***** DATASET *****

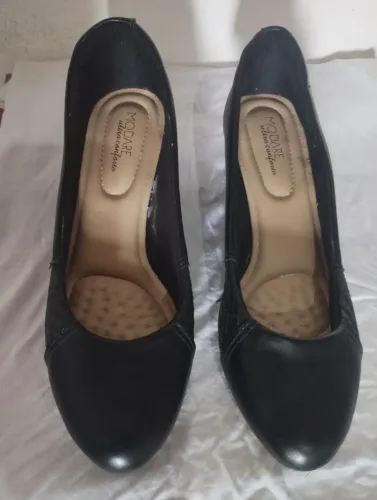 Vendo um par de sapato preto.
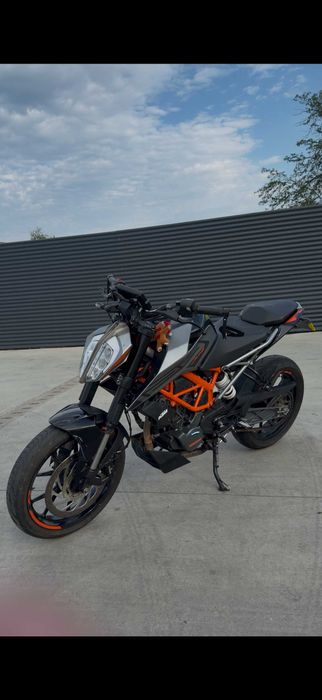 KTM Duke 125 2022 – Cititi descrierea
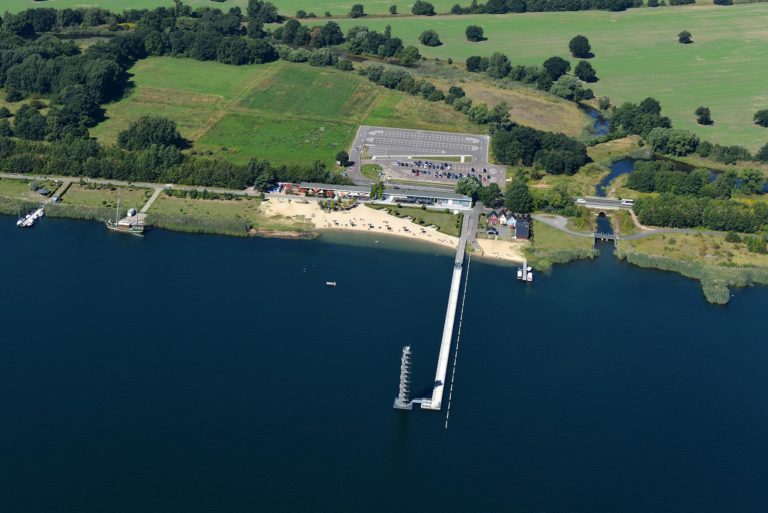 LMBV Goitzscheseee mit Blick auf Pegelturm und Auslauf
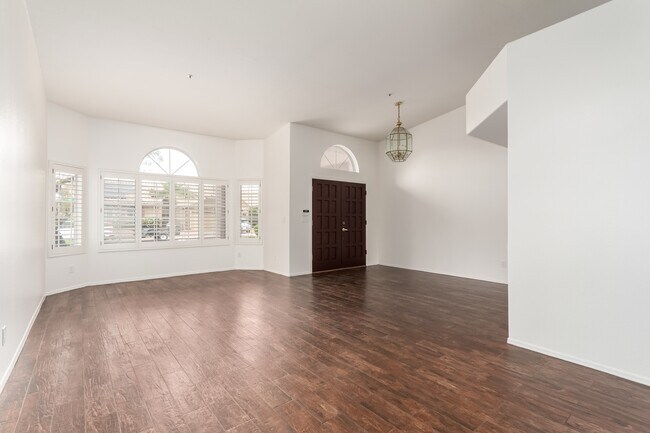 Building Photo - 9003 E Aster Dr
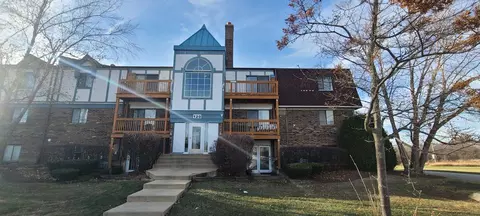 120 S Lalonde Ave #2H, Addison, IL 60101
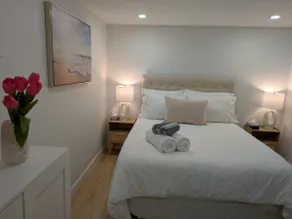 Modern, stylish & spacious home w/ King-size bed - Image 3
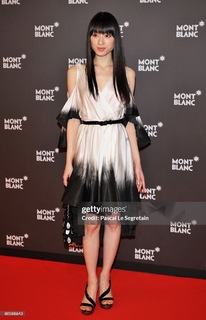 Chiaki Kuriyama feet photo thumbnail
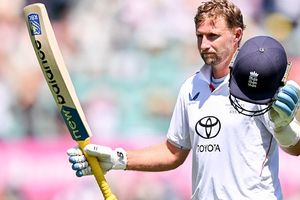 Ashes: जो रूट ने 160 रन की लाजवाब पारी खेल रचा इतिहास, टेस्ट में की रिकी पॉन्टिंग के शतकों की बराबरी, अब सचिन तेंदुलकर से इतने कदम दूर SportsTak Hindi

*****

WHAT YOU HAVE TO DO >> In repeating the lines above, keep the wording exact and leave every picture out.

TASK SOLUTION >>
 Vendo um par de sapato preto.
 KTM Duke 125 2022 – Cititi descrierea
 LMBV Goitzscheseee mit Blick auf Pegelturm und Auslauf
 Building Photo - 9003 E Aster Dr
 120 S Lalonde Ave #2H, Addison, IL 60101
 Modern, stylish & spacious home w/ King-size bed - Image 3
 Chiaki Kuriyama feet photo thumbnail
 Ashes: जो रूट ने 160 रन की लाजवाब पारी खेल रचा इतिहास, टेस्ट में की रिकी पॉन्टिंग के शतकों की बराबरी, अब सचिन तेंदुलकर से इतने कदम दूर SportsTak Hindi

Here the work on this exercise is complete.